(RECORDS FOR THIS EXERCISE Opens)

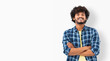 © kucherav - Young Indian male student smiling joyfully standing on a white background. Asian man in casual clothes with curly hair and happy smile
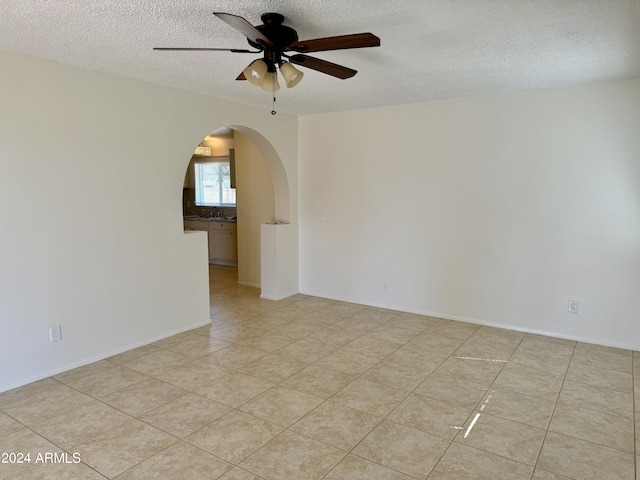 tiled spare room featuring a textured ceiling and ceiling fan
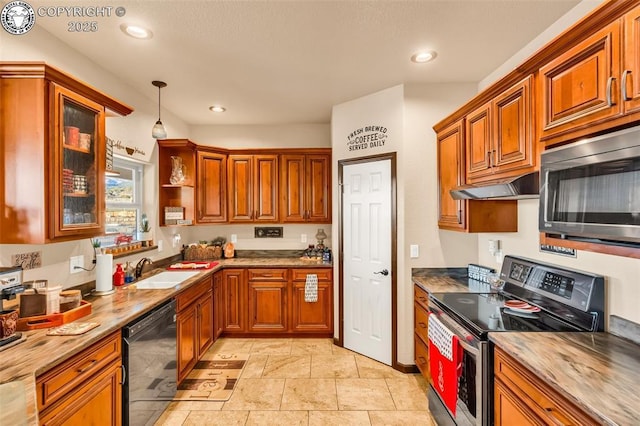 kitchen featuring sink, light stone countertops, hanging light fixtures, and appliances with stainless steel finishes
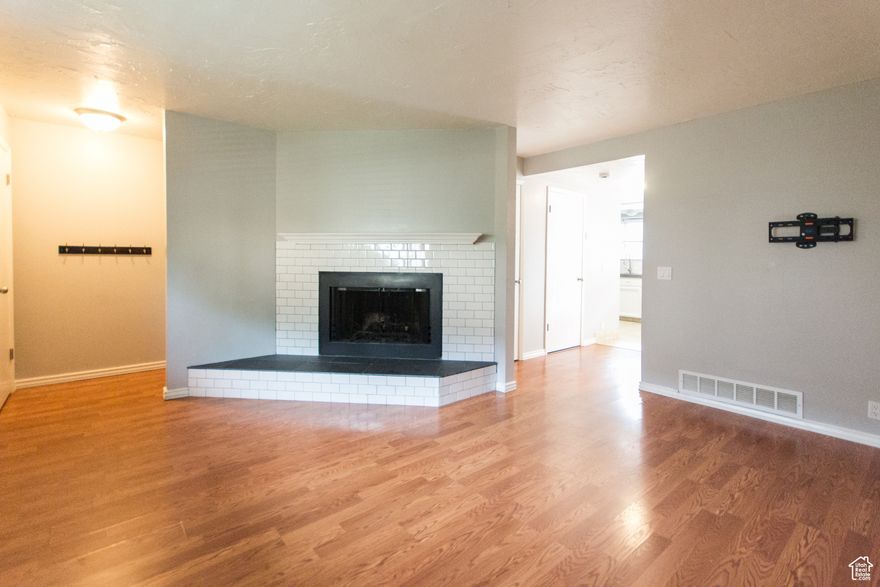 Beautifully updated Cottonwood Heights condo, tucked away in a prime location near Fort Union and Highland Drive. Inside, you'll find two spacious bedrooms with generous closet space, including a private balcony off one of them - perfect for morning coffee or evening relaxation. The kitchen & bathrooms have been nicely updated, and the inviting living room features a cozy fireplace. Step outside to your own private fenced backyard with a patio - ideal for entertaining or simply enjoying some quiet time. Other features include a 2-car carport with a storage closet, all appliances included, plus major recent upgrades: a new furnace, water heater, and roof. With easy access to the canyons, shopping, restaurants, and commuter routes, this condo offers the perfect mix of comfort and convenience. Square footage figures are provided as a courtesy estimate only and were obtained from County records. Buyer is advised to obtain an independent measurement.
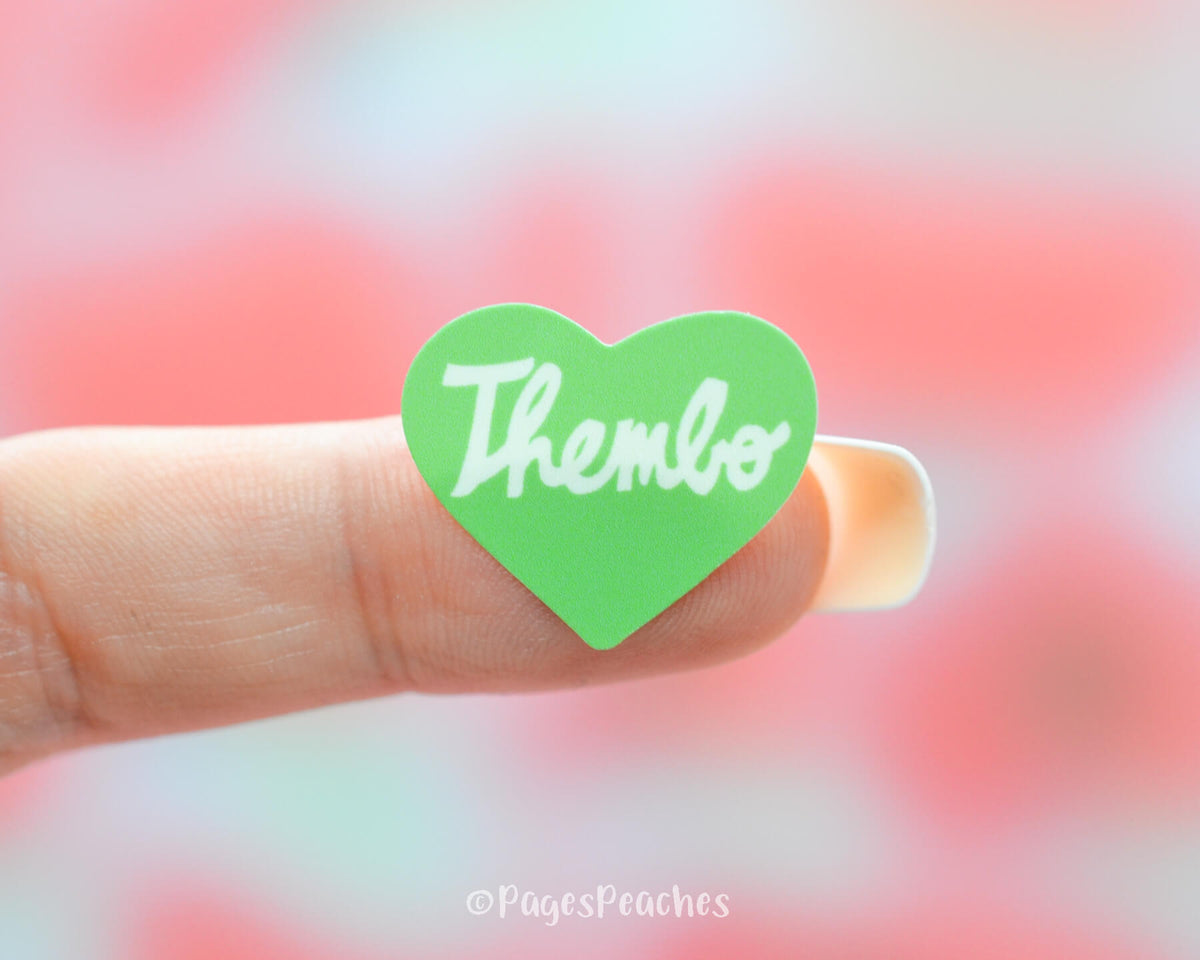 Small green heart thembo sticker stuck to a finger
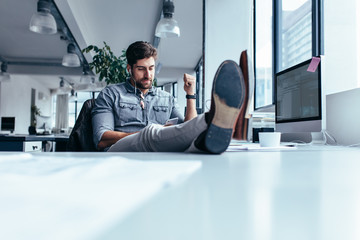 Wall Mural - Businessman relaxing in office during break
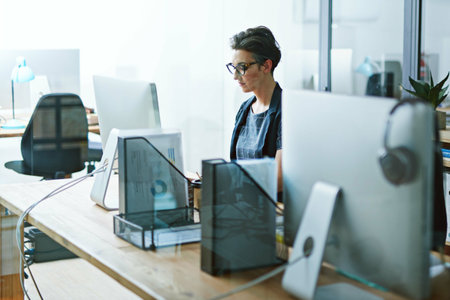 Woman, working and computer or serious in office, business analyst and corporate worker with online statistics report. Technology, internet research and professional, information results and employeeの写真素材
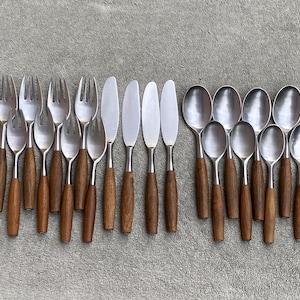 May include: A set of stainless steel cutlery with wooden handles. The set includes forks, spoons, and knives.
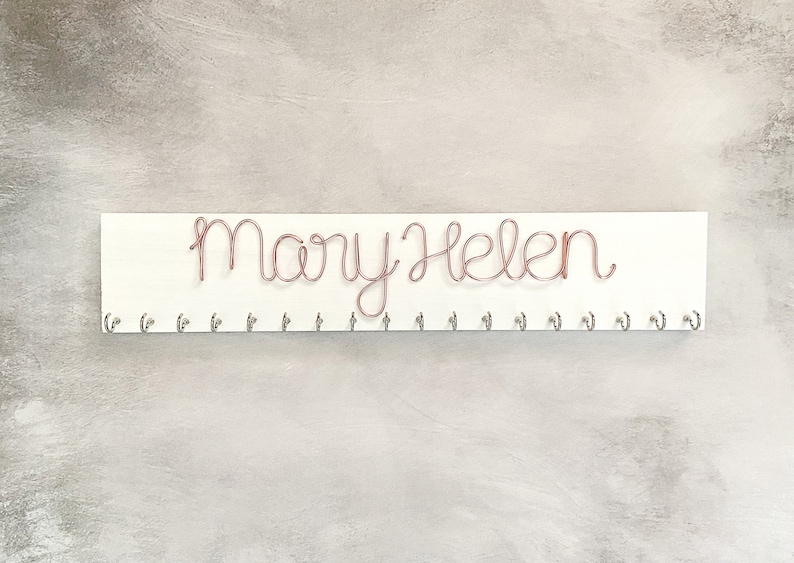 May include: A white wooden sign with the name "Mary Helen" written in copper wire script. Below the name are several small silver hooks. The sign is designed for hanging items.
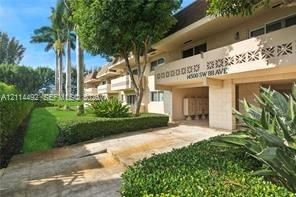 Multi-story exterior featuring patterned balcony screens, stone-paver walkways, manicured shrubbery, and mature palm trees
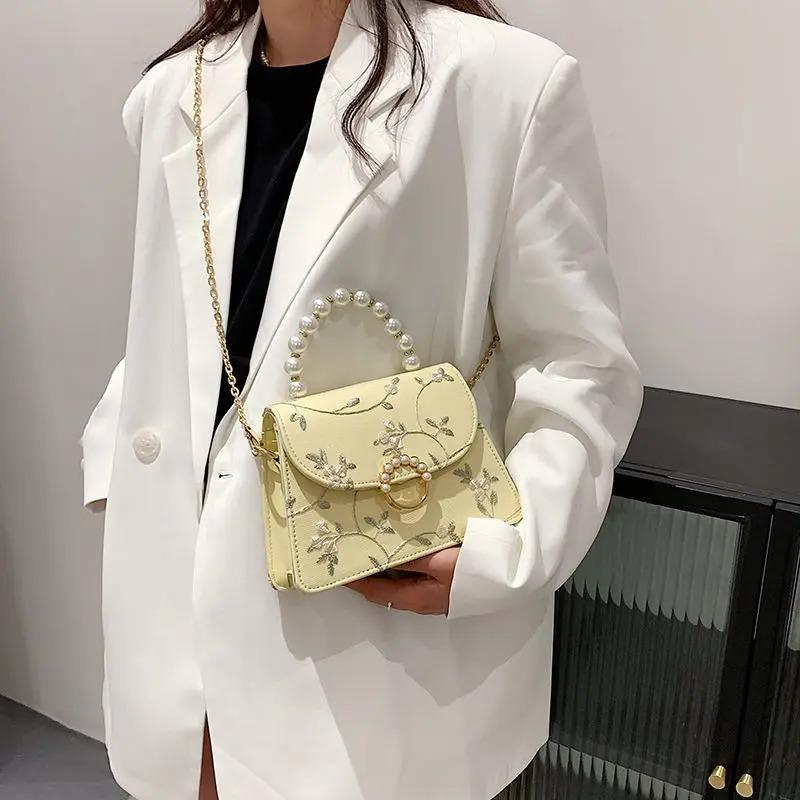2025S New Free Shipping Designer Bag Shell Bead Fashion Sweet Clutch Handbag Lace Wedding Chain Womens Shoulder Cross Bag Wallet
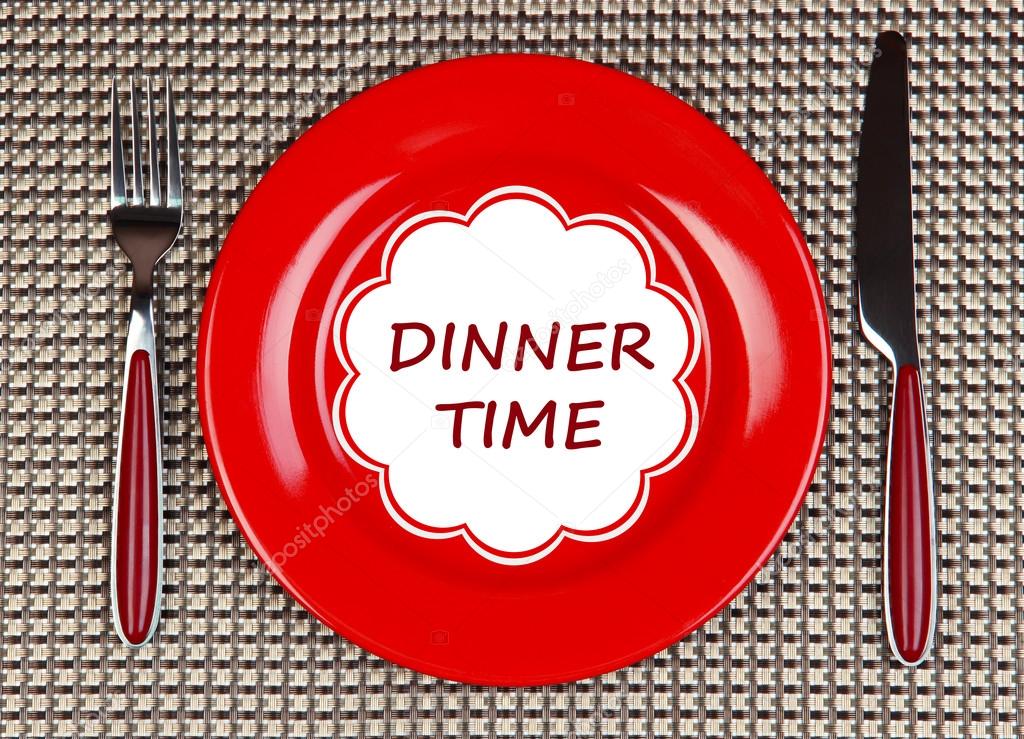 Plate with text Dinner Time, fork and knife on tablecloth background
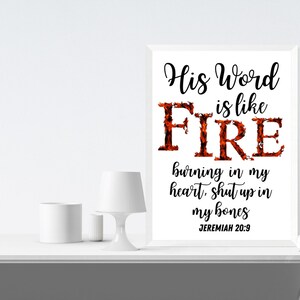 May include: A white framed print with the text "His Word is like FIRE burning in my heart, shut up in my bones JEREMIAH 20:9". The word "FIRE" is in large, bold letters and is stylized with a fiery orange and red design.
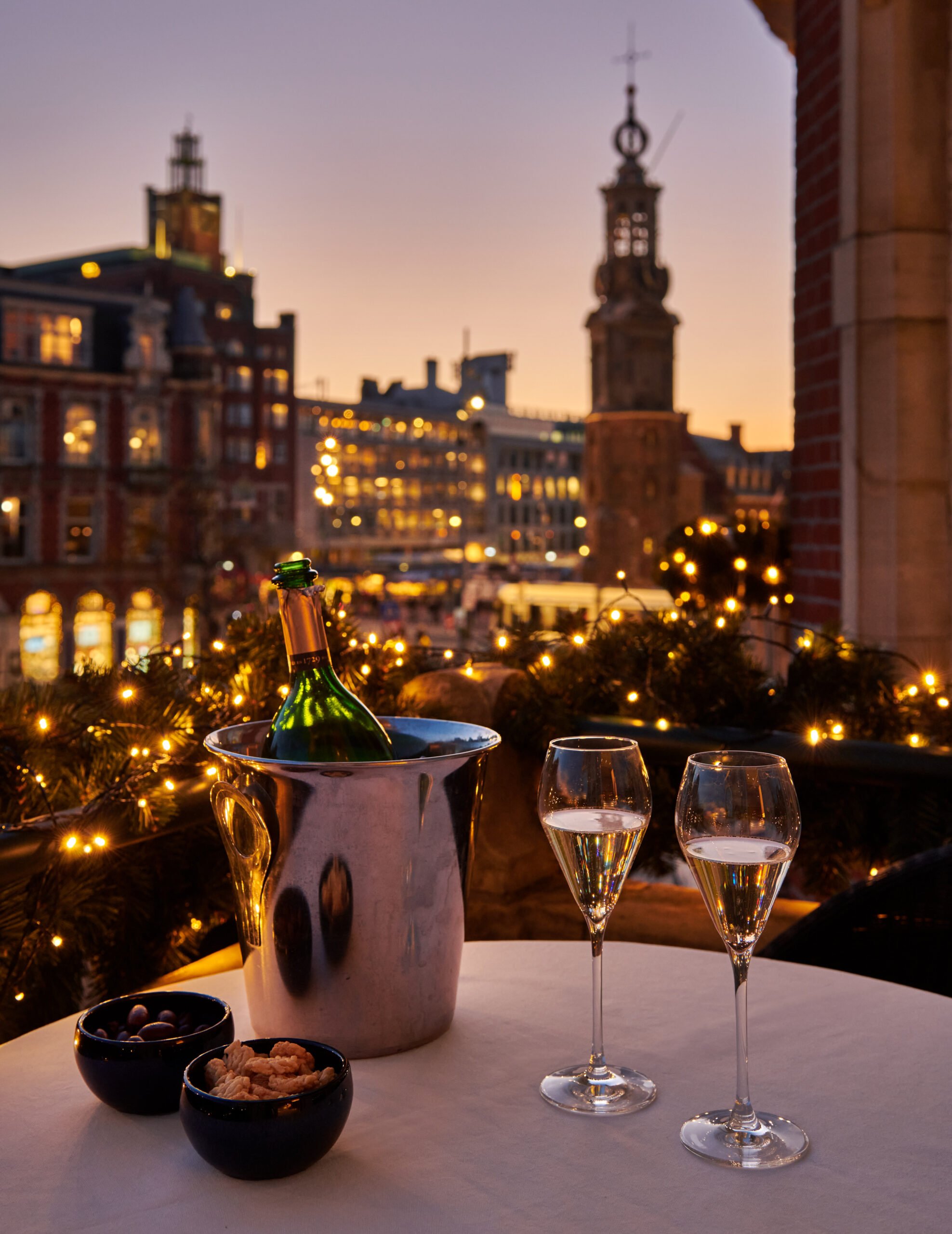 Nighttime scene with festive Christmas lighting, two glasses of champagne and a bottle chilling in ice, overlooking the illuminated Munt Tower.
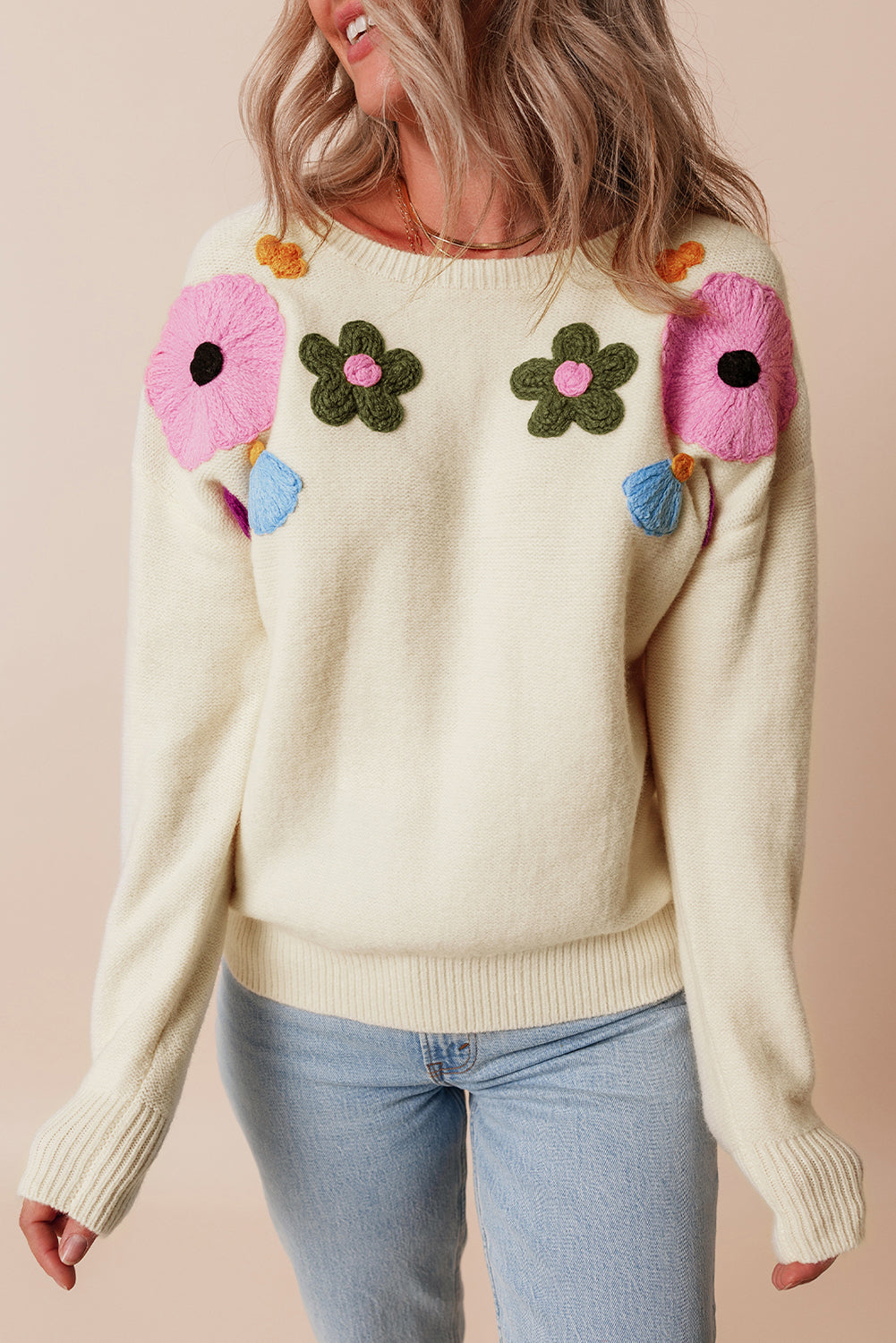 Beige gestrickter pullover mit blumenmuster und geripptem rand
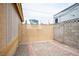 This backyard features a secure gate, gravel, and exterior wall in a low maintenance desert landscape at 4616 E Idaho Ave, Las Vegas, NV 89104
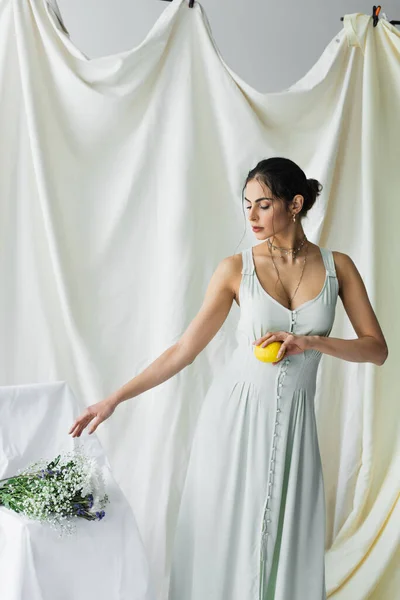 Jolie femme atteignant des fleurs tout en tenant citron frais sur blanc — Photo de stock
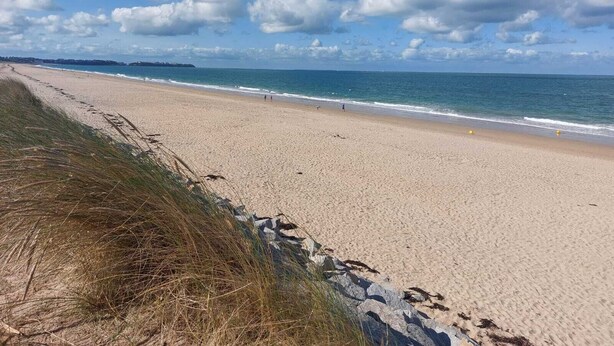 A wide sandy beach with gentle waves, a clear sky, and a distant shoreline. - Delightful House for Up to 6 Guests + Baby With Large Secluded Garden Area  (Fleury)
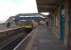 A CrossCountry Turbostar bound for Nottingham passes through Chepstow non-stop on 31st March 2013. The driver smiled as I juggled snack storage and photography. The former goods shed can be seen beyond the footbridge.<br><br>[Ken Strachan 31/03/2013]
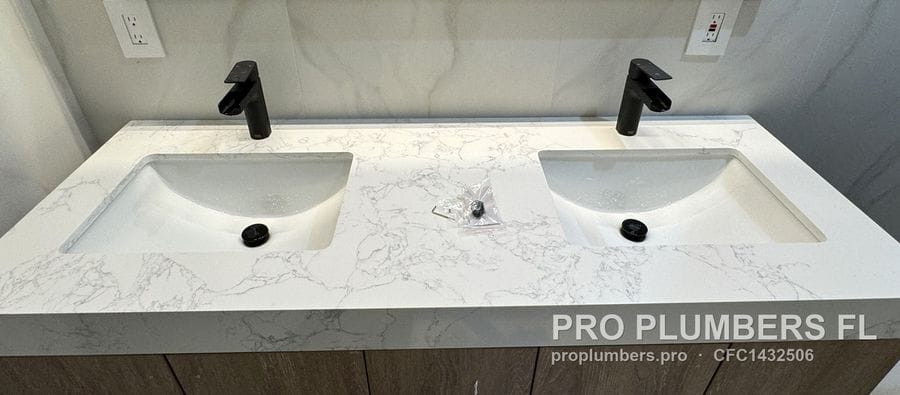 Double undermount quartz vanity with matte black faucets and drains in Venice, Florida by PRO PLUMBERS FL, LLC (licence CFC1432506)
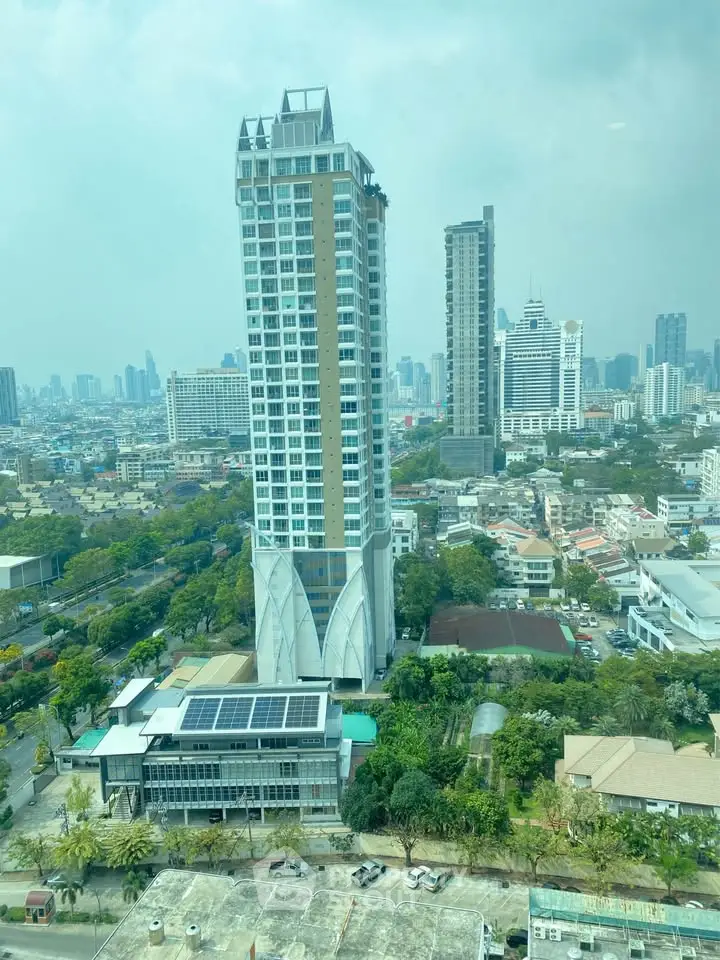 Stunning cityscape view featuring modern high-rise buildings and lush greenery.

(RECORDS FOR THIS EXERCISE Closes)

**WORK TO COMPLETE:** The answer must be the lines above from the one containing "A CrossCountry Turbostar" through the one containing "Double undermount quartz", reproduced exactly, with no pictures and nothing else.

**SOLUTION TO THIS EXERCISE:**
 A CrossCountry Turbostar bound for Nottingham passes through Chepstow non-stop on 31st March 2013. The driver smiled as I juggled snack storage and photography. The former goods shed can be seen beyond the footbridge.<br><br>[Ken Strachan 31/03/2013]
 Double undermount quartz vanity with matte black faucets and drains in Venice, Florida by PRO PLUMBERS FL, LLC (licence CFC1432506)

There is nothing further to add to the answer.